With classes starting Monday, LSU at Eunice is expecting to expand.
Full enrollment numbers were unavailable last week, but looking at the enrollment trends, Chancellor William ‘Bill’ Nunez said the school is expecting a 1 to 3 percent enrollment increase this semester.
That may seem like a small increase, but at a time when most Louisiana colleges are experiencing declining enrollment due to out-of-state migration and a sluggish economy, Nunez said that any increase is good news.
“The enrollment looks pretty good. We’ll have to wait and see after the dust settles, because there’s still lots of things pending,” Nunez said.
Dual credit programs with local high schools, the Pathways extension at LSU at Alexandria, and the LSUE courses offered through the Learning Center for Rapides Parish have all helped to boost LSUE’s enrollment beyond those that attend the physical campus.
In addition, LSUE’s Continuum for All Louisiana Learners (CALL) initiate has allowed the college to reach out into cyberspace and enroll students who otherwise might not be able to attend courses on-campus.
The course enrollment for the CALL classes includes a mix of traditional students, older, non-traditional students, and even a few international students.
The pilot online program is ready to go, despite the lack of a curriculum developer, Nunez said.
“We’re not waiting, and we’ve put our faculty through a lot of training, and we’re very, very happy with the outcome,” Nunez said.
The position of curriculum developer is currently still open, Nunez said.
LSUE is growing in other ways too.
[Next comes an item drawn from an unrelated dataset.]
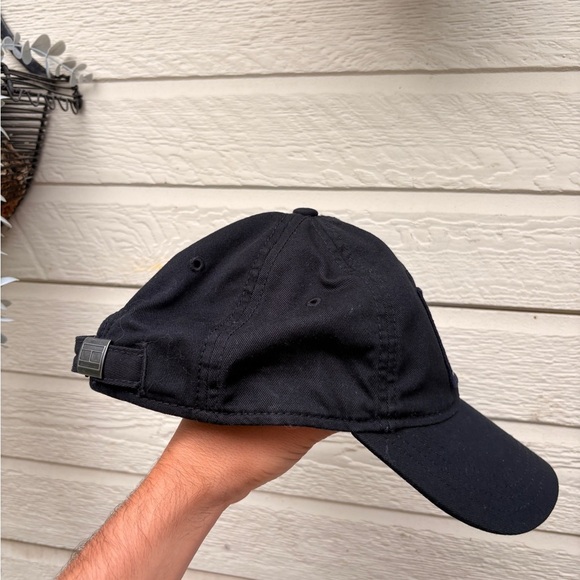 TOMMY HILFIGER big logo patch baseball hat cap black adjustable black - Picture 3 of 6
LSUE was approved earlier for a 9.8 million-dollar capital outlay grant to add a new building on campus.
The new classroom building would primarily house continuing education and information technology.
The amount was based on pre-Katrina and Rita cost estimates; since that time, labor and supply costs have gone up significantly, and it is estimated the project would need another 1 million dollars to be completed as planned.
District 41 representative Mickey Guillory, who serves on the Ways and Means Committee, has been shepherding the project through the state legislature, and said that he is hopeful that some of the 52 million available for capital outlay from the budget surplus can be used to pay for the cost overrun.
Nunez said that plans will continue forward, even if they have to be downsized.
“The goal will be that by the end of this year, those plans will be given out to contractors and we’ll be asking for bids, so that next year, after the fiscal year begins (on July 1), we’ll start seeing some construction activity going on on-campus,” Nunez said.
Nunez said that he expects the building will take approximately 18 months to complete, due in part to the extra wiring needed for the information technology component.